Inject live data into system prompts, not the conversation history. Portfolio data belongs in the system prompt — it's context for every turn, not a message in the conversation. Putting it in the system prompt keeps it separate from the dialogue and ensures the model treats it as ground truth rather than something the user said.
Model selection is a product decision, not just a technical one. The choice between Haiku, Sonnet, and Opus directly affected the quality of the user experience. Treat it with the same rigour as any other product decision — evaluate on your actual use case, not benchmark leaderboards.
Data residency is a first-class constraint for financial applications. It needs to be resolved at architecture design time, not retrofitted after the fact. The region, inference profile, and memory store all need to be consistent with where data is allowed to live.

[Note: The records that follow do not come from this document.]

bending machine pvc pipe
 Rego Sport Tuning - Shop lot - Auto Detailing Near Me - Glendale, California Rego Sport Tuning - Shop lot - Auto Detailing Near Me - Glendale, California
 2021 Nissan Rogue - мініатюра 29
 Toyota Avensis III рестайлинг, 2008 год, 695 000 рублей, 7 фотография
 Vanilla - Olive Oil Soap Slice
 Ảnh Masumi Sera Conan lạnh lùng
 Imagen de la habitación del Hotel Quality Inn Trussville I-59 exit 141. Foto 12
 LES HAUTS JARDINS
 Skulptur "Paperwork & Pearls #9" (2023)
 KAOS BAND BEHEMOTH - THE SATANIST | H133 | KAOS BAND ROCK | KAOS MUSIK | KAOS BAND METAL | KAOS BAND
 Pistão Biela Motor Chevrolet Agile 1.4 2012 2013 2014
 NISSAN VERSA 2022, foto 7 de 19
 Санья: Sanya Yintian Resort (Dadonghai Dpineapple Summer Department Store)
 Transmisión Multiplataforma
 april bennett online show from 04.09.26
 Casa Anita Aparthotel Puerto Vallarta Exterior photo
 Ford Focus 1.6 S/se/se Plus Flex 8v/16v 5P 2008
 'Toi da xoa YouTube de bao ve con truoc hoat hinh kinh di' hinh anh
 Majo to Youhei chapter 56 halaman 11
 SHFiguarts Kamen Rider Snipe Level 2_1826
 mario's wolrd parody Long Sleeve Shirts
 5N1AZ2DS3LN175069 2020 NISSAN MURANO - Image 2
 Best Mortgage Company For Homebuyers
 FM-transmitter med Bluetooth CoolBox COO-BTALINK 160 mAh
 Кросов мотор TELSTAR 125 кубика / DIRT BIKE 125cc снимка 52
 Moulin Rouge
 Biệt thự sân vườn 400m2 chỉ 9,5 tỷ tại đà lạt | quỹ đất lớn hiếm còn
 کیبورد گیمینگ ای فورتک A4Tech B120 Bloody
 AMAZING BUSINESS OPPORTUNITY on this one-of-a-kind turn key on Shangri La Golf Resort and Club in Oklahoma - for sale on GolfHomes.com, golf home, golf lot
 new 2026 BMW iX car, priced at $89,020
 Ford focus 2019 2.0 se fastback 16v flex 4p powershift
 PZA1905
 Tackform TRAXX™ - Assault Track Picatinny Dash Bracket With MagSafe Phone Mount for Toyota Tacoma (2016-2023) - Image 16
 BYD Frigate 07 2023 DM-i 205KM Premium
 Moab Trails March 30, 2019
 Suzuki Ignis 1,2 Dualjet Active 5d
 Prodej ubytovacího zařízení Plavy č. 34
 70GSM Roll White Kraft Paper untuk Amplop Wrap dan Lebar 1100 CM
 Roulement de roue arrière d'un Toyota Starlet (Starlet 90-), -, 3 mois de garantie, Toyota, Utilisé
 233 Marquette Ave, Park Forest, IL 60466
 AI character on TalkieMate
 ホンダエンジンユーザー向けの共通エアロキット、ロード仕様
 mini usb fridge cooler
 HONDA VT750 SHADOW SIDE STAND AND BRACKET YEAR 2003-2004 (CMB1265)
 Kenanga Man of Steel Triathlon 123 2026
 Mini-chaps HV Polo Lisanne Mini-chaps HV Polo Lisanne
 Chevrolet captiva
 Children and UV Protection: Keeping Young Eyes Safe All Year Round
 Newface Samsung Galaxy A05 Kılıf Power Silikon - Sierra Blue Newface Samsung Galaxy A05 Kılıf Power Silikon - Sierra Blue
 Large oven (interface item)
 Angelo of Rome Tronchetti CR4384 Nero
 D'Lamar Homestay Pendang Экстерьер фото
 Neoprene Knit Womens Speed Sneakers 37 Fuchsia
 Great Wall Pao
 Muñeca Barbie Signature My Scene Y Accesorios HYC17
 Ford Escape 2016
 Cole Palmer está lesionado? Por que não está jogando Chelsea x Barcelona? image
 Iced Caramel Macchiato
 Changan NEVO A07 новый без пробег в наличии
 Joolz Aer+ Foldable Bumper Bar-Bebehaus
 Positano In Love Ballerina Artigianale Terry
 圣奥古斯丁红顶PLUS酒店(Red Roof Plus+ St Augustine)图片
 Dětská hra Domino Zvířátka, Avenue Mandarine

Keyword-based routing works for well-defined domains. The orchestrator's routing logic is intentionally simple — keyword matching against known domain terms. For clearly scoped financial domains (stocks vs funds vs banking), this is reliable and fast. A more complex routing mechanism would add latency without meaningful accuracy gains.
Streaming is table stakes for chat. Users tolerate latency far better when they can see progress. For financial responses that can run to several paragraphs, non-streaming responses feel broken. Build streaming in from the start.

What's Next

Replace keyword routing with a lightweight intent classifier — more robust for ambiguous queries that don't contain obvious domain keywords.
Add buy/sell action capabilities: the chatbot currently only answers questions; the natural next step is letting it initiate transactions with appropriate confirmation flows.
Connect to live market data APIs so stock prices and NAVs are real-time rather than static.
Add a summarisation step that compresses old conversation history before it hits the context limit, enabling very long sessions without degradation.